WORK REQUEST:
When you reach the line that contains "불꽃없는 크리스탈 LED", begin copying exactly and continue through the last line below. Do not copy pictures.

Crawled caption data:

::::::::

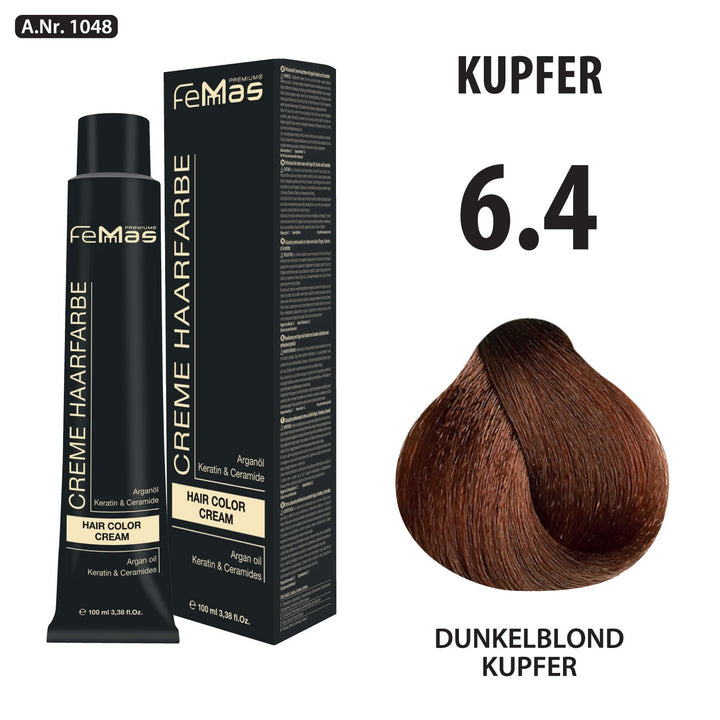 FemMas Haarfarbe 100 ml - Dunkelblond Kupfer (Farbcode: 6.4)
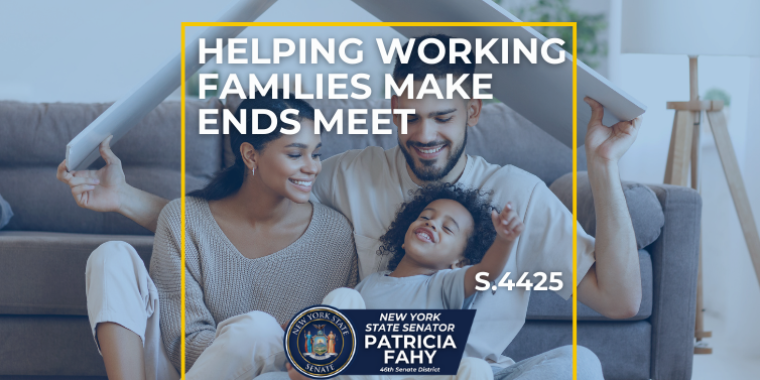 Helping families make ends meet text overlayed on a photo of a working family and child.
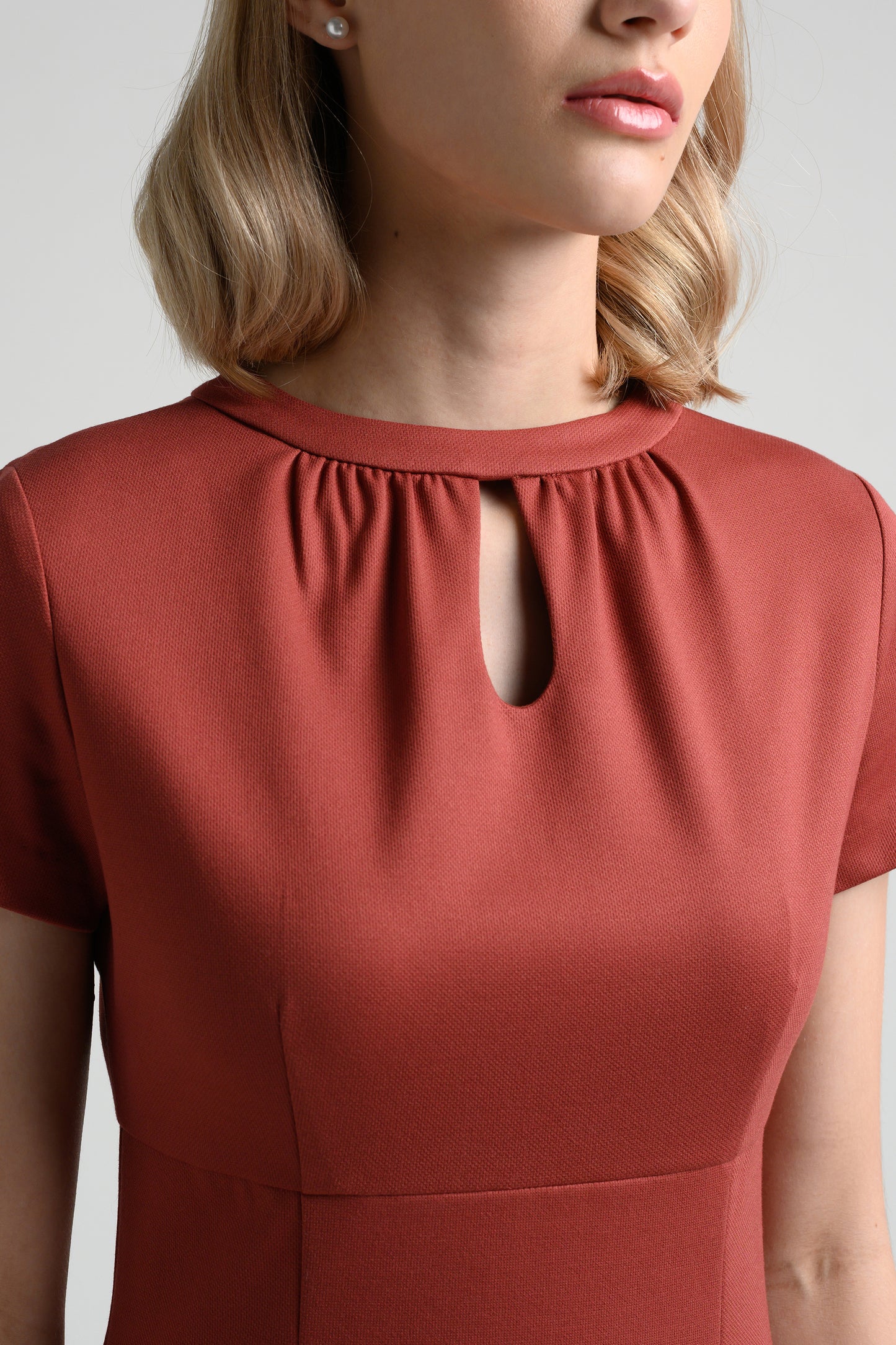 Rosylee Keyhole Fit And Flare Dress - Terracotta 4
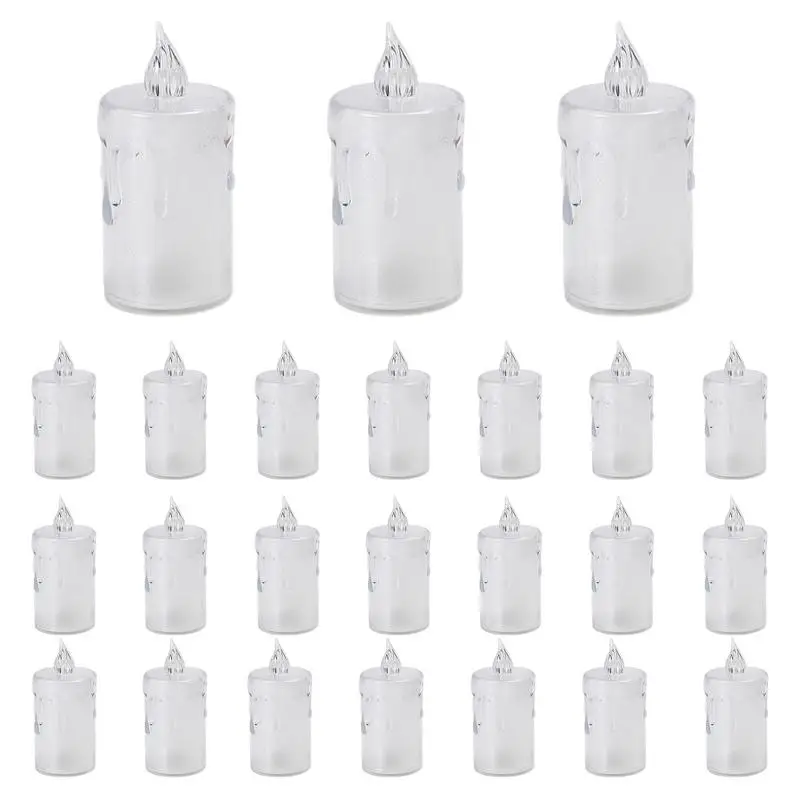 불꽃없는 크리스탈 LED 양초, 배터리 구동 LED 작은 양초, 결혼식 식탁, 24X 깜박임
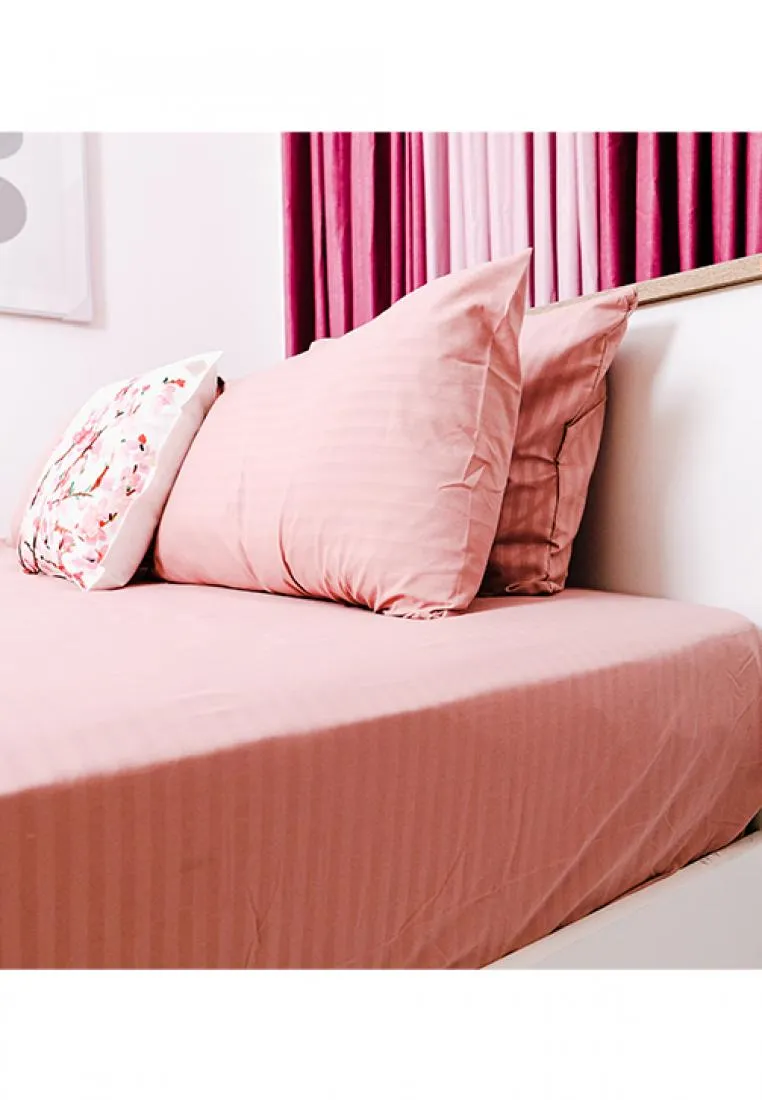 Jacquard Stripes Bedsheet Fitted Sheet - Queen with 1pc Flat Sheet and 2pc Pillow Case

::::::::

TASK RESULT:
 불꽃없는 크리스탈 LED 양초, 배터리 구동 LED 작은 양초, 결혼식 식탁, 24X 깜박임
 Jacquard Stripes Bedsheet Fitted Sheet - Queen with 1pc Flat Sheet and 2pc Pillow Case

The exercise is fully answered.